Rustup users get the pinned toolchain from rust-toolchain.toml automatically; a Nix flake (nix develop) provides a dev shell.

Documentation

Doc Contents
DEMO.md executable tour — every code block ran for real; re-check it with showboat (showboat verify DEMO.md)
STATUS.md current state, milestones, known limitations
ARCHITECTURE.md layering, value representation, execution tiers, Cedar bridge
PERFORMANCE.md how the gap to shen-cl was closed (17× → ~3×), and what remains
BENCHMARKS.md the numbers, with methodology — all reproducible from scripts/ and benches/
design/ internal working notes: decision records, handoffs, falsified experiments

Execution engine

The same Shen semantics run on tiers chosen for the workload:

Tier When Notes
Tree-walker default Allocation-light interpreter over the KL AST. Best for one-shot runs.
AOT kernel build time The 21 kernel KL files are compiled to Rust ahead of time by crates/klcompile — control flow lowered (self-tail-calls → loops; if/let/cond and ~18 primitives inlined).
Bytecode VM --served / SHEN_RUST_VM=1 Runtime closures (defun/lambda/freeze) compile to bytecode. ~2.3× faster than the tree-walker on warm / served workloads (load a theory once, serve many requests), where the compile cost amortizes. Not the bare default because a one-shot run can't amortize it. See scripts/warm-bench.sh.
AOT overlay opt-in, per .shen file Known .shen files are compiled to Rust offline (scripts/codegen-shen-aot.sh, same klcompile) and committed; after a normal load (all side effects live) the host swaps the loaded defuns for the native versions via a verified manifest (Interp::install_overlay_if_match — source hash + kernel digest, silent fallback on mismatch). ~3.1× over the VM, ~11.7× over the tree-walker on served authz workloads (benches/authz_served.rs).
Cranelift JIT --features jit, SHEN_RUST_JIT=1 Experimental; native codegen for runtime closures. Wins on compute loops but was falsified for the type-checker's CPS continuations — kept gated/off. See design/jit-productionization-plan.md.

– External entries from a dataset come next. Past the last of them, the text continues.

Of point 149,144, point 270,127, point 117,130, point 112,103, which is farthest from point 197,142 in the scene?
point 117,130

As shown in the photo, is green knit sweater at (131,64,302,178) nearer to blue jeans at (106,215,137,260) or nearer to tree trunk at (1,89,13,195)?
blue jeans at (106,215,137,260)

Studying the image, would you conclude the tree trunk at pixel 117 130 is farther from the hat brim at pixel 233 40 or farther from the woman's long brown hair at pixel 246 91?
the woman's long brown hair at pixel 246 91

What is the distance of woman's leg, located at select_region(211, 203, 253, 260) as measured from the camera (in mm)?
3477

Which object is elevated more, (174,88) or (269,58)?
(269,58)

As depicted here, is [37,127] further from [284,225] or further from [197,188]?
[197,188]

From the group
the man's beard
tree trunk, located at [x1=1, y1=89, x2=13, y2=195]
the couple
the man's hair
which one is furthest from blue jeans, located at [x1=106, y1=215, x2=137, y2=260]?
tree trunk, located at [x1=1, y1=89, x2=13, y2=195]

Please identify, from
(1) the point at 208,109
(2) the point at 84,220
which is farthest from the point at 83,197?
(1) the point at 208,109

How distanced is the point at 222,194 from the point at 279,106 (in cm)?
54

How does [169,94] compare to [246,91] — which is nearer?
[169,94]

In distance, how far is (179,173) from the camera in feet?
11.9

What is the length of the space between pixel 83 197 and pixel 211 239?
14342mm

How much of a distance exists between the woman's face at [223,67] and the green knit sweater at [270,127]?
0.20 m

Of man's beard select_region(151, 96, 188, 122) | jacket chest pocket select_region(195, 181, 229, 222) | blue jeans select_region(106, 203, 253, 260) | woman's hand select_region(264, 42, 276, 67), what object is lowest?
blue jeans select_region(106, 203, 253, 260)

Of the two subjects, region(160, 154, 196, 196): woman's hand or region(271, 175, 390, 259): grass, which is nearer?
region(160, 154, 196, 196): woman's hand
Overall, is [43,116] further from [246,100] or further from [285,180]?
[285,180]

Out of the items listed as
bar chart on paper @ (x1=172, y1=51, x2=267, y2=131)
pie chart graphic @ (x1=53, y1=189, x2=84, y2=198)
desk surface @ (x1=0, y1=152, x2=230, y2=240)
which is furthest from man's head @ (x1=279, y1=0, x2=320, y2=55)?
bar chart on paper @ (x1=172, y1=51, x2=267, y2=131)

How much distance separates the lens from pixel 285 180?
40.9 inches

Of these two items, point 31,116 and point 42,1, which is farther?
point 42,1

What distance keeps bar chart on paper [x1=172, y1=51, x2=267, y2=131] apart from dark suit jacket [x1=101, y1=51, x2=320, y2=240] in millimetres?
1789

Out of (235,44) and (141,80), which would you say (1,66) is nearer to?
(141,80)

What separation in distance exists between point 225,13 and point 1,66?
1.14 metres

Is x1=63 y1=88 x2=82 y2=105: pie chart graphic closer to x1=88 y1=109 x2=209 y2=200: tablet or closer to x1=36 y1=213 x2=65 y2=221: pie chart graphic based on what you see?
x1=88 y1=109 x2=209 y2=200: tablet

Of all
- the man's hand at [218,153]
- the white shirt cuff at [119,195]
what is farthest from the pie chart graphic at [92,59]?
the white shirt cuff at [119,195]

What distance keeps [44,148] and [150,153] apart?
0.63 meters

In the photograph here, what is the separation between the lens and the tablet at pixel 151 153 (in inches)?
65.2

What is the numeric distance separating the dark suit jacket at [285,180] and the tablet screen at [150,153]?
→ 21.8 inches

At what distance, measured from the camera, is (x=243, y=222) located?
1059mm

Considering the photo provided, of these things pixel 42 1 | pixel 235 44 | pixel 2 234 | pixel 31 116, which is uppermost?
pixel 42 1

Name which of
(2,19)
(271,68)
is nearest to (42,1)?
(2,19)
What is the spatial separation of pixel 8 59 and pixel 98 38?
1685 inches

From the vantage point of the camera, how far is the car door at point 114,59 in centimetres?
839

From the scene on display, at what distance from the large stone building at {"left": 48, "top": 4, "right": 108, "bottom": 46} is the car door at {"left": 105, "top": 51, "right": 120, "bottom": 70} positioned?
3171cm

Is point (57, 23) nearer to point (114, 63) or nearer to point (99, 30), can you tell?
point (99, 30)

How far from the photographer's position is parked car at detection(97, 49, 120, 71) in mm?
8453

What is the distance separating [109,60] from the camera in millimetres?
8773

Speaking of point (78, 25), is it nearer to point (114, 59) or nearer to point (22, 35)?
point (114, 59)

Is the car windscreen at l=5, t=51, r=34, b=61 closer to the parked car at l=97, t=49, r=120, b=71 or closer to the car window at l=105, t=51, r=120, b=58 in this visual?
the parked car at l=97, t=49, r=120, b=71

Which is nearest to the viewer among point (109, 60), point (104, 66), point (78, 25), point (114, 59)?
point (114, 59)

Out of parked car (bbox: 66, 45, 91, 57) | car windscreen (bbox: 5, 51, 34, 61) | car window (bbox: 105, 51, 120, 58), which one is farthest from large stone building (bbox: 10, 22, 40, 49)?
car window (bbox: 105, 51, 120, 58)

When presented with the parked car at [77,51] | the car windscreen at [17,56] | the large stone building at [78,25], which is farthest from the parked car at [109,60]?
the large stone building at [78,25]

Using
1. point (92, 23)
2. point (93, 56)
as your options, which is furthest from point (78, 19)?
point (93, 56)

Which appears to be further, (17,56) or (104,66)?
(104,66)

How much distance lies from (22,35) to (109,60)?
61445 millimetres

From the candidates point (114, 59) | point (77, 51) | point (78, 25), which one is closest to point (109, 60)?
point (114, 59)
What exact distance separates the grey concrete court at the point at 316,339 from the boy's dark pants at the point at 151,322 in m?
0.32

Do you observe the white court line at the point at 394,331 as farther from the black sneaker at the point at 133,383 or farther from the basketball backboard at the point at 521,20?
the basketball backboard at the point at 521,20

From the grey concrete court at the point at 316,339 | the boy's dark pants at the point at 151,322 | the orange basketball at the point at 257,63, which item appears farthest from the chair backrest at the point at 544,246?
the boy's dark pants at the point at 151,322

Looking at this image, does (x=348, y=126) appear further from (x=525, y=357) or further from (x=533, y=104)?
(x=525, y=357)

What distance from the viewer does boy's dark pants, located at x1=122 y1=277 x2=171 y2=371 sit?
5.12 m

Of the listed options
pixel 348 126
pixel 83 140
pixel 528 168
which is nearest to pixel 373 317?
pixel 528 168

Every tier is differentially tested against the tree-walker and held at 134/0.

Memory: Value is a word-sized Copy tagged u64 over a non-moving mark-sweep GC heap. Collection is opt-in (SHEN_RUST_GC=1): the heap stays grow-only by default (protects one-shot latency), and in GC mode a long-running embedding gets a bounded heap — collection runs at interpreter safepoints with hybrid roots (precise interpreter tables + a conservative native-stack scan, aarch64 macOS/Linux). On a 20k-request served loop: grow-only ≈ 482 MB and climbing; GC ≈ 26 MB flat, wall-time neutral (cargo bench --bench gc_boundedness, machine-checked).

Shen + Cedar

Cedar is AWS's authorization-policy language. shen-rust combines with it on two levels:

1. Cedar as first-class Shen values. The engine embeds the cedar-policy crate and exposes ~15 cedar.* primitives (crates/shen-rust/src/cedar/), so Shen programs can parse, author, evaluate, and validate Cedar policies directly — Cedar handles travel as ordinary Shen values:

(set p (cedar.parse-policy "permit(principal, action, resource);"))
(set ps (cedar.policy-set-add (cedar.empty-policy-set) (value p)))
(cedar.is-authorized (value ps) (cedar.empty-entities)
   (cedar.make-request (cedar.make-entity-uid "User" "alice")
                       (cedar.make-entity-uid "Action" "read")
                       (cedar.make-entity-uid "Doc" "d1") ()))
;; => Allow

2. Worked integration patterns. examples/shen-cedar-authz shows three ways the engine (in served / VM mode) and Cedar combine on the Rust side, natively in one process:

cargo run -p shen-cedar-authz --example gate      # Cedar gates Shen evaluation
cargo run -p shen-cedar-authz --example verify    # Shen reasons ABOUT Cedar policies
cargo run -p shen-cedar-authz --example generate  # Cedar generated FROM a Shen spec
  • gate — each request (principal, action, resource, shen-source) is authorized by Cedar (schema-validated); only on Allow does the served VM evaluate the source.
  • verify — Shen-authored, hierarchy-aware analysis of a Cedar PolicySet: flags dead (shadowed) permits and partial conflicts that Cedar's per-request evaluator won't surface, cross-checked against the live authorizer.
  • generate — a committed Shen spec (spec/authz.shen) is the source of truth; the Shen engine computes the transitive role-grant closure; the host renders, strict-validates, and enforces the resulting Cedar policy.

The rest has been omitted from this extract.